PRINCETON, N.J. — From its towering trees to its Gothic arches, the normally tranquil campus of Princeton University was abuzz Friday with one question: Why?

Why would an admissions officer at the august institution hack into a Yale University Web site designed to tell high school students whether they had been admitted to the campus in New Haven, Conn?

Sophomore Chris Greenman, heading up a leafy pathway on his way to Firestone Library, rolled his eyes when asked about the electronic break-in.

"The first thing I thought was, there goes our No. 1 rating," said Greenman, referring to Princeton's ranking in an annual survey of U.S. campuses. "But seriously, this is a pretty terrible thing to do.
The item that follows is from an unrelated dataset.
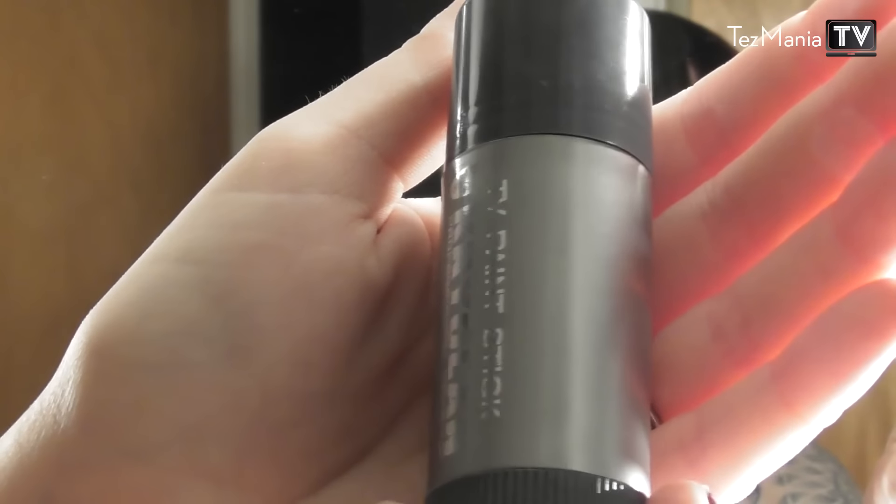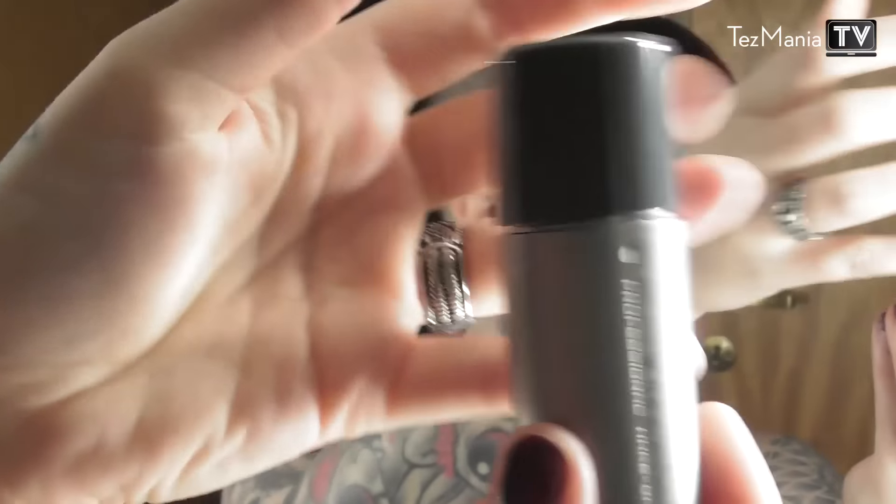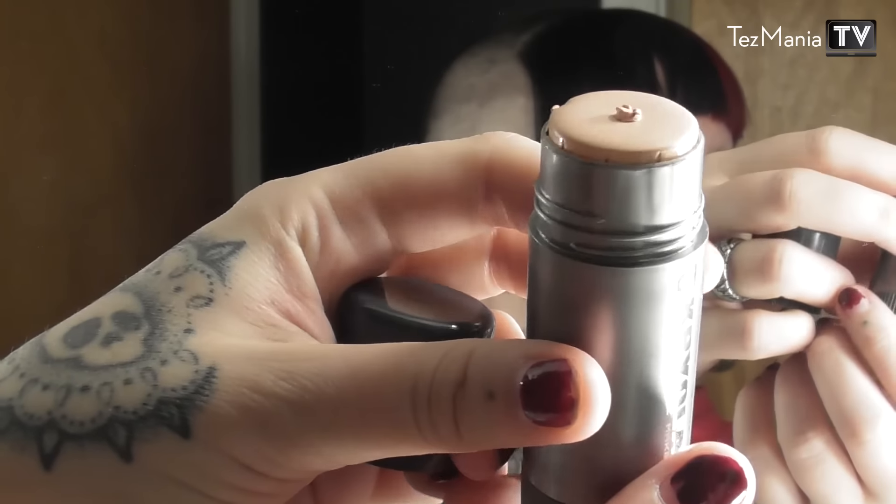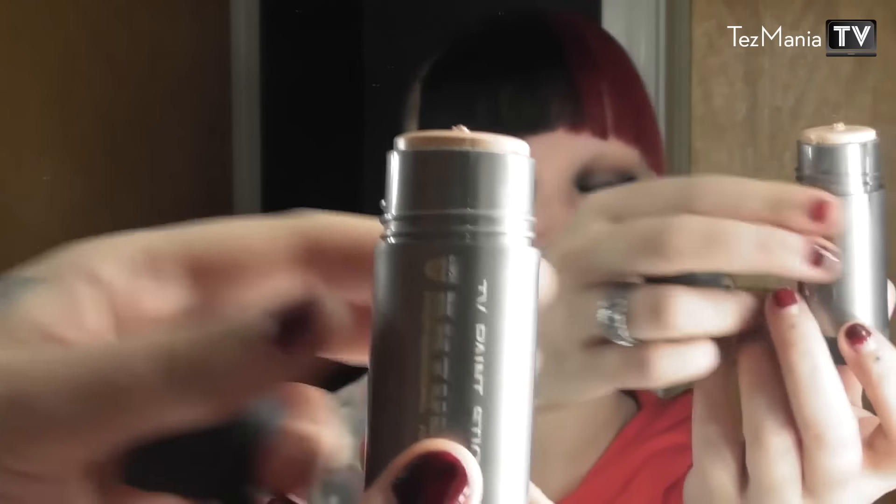The foundation I'm going to be demonstrating and reviewing today is the Kryolan TV Paint Stick. It is a stick foundation. This is what the package looks like — it kind of looks like a little deodorant and then you twist it up. The packaging itself is not super appealing but that doesn't really matter.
It's potentially criminal. And the guy who did it should be fired.

"You can't uphold high standards at a place like Princeton and do this. I only wonder what his motivation could have been."

As the FBI launched an investigation that could cost Princeton a chunk of federal funds, that same question ricocheted across the Ivy League. Ethics scandals have rocked the worlds of business, religion and politics in recent months, but with its lofty insistence of intellectual integrity, the ivory tower seemed somehow immune.

Then, Princeton University Admissions Director Stephen E. LeMenager admitted he repeatedly broke into a Web site for Yale applicants. Many marveled at why one elite school would resort to Internet chicanery to snoop on another.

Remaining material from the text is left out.